To change the properties of the axes, then, we can use the relevant Axes methods. For example, .set_xlabel() (documentation) and .set_ylabel() (documentation) will change the text and properties of the x and y axis labels, respectively, and we can use the fontsize argument to set the size of the text:

rain_tmax_plot.ax.set_xlabel('monthly rainfall (mm)', fontsize=14) # set the x axis label
rain_tmax_plot.ax.set_ylabel('monthly maximum temperature (°C)', fontsize=14) # set the y axis label

rain_tmax_plot.fig # show the figure again
../../../_images/plotting_49_0.png

We can also use .set_xticks() (documentation) and .set_yticks() (documentation) to change the location, text, and properties of the ticks on the x and y axis, respectively:

rain_tmax_plot.ax.set_xticks(range(0, 250, 50), labels=range(0, 250, 50), fontsize=12) # change the xtick label font size
rain_tmax_plot.ax.set_yticks(range(5, 25, 5), labels=range(5, 25, 5), fontsize=12) # change the xtick label font size

rain_tmax_plot.fig # show the figure again
../../../_images/plotting_51_0.png

saving the figure to a file#

As you can see from the previous few cells, we have been using rain_tmax_plot.fig to show the updates to the figure. As you might have guessed, this is a matplotlib.figure.Figure object (documentation) - effectively, the canvas where seaborn draws the plot:

type(rain_tmax_plot.fig) # show the type of rain_tmax_plot.fig

To save our figure to a file, we can use .savefig() (documentation) as an SVG (scalable vector graphics) file:

rain_tmax_plot.fig.savefig('rain_tmax_plot.svg', bbox_inches='tight') # save the figure cropped close to the axes

exercise and next steps#

That’s all for this exercise. To practice your skills, create a script that does the following:

  • loads the packages that you will need at the beginning of the script

  • adds a season variable

  • adds a variable to divide the data into three 50 year periods: 1871-1920, 1921-1970, and 1971-2020

  • selects only those observations between 1871 and 2020 (inclusive)
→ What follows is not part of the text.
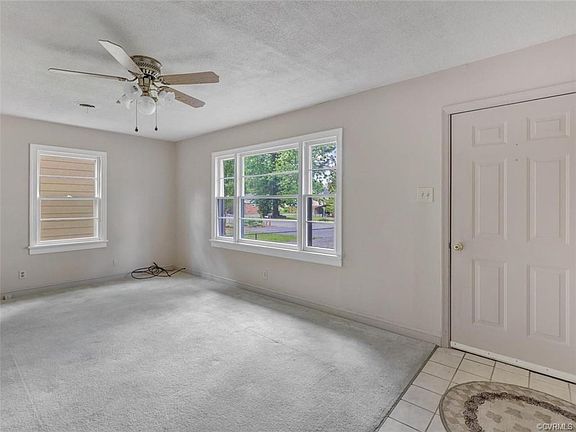 3rd image of 5518 Hawthorne Ave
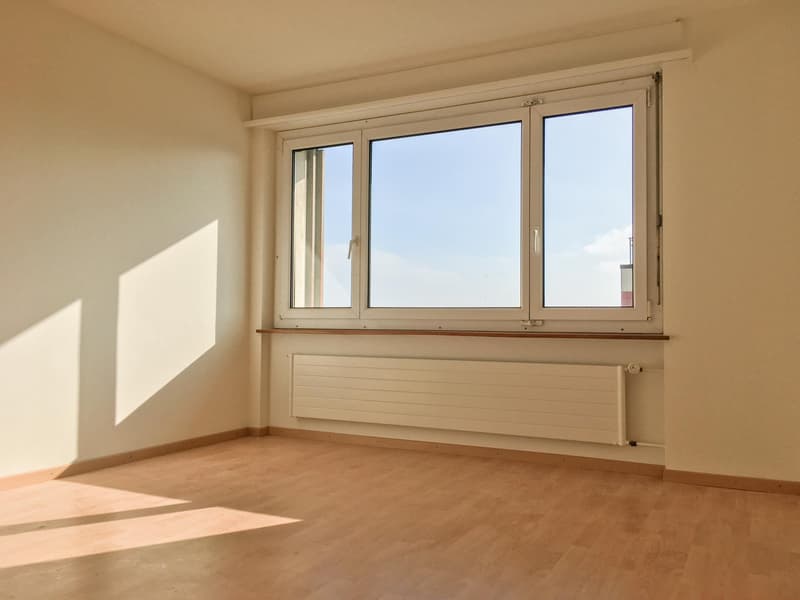 Appartement de 4 pièces au 3ème étage à louer à Peseux (4)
  • creates a figure to plot the density distribution of tmin for each period in its own panel, colored by season (using both color and fill)

  • creates a figure to plot the density distribution of tmin for each period in the same panel, colored by the period (using both color and fill)

  • sets appropriate labels and font sizes for the axis text

  • saves each plot to its own file.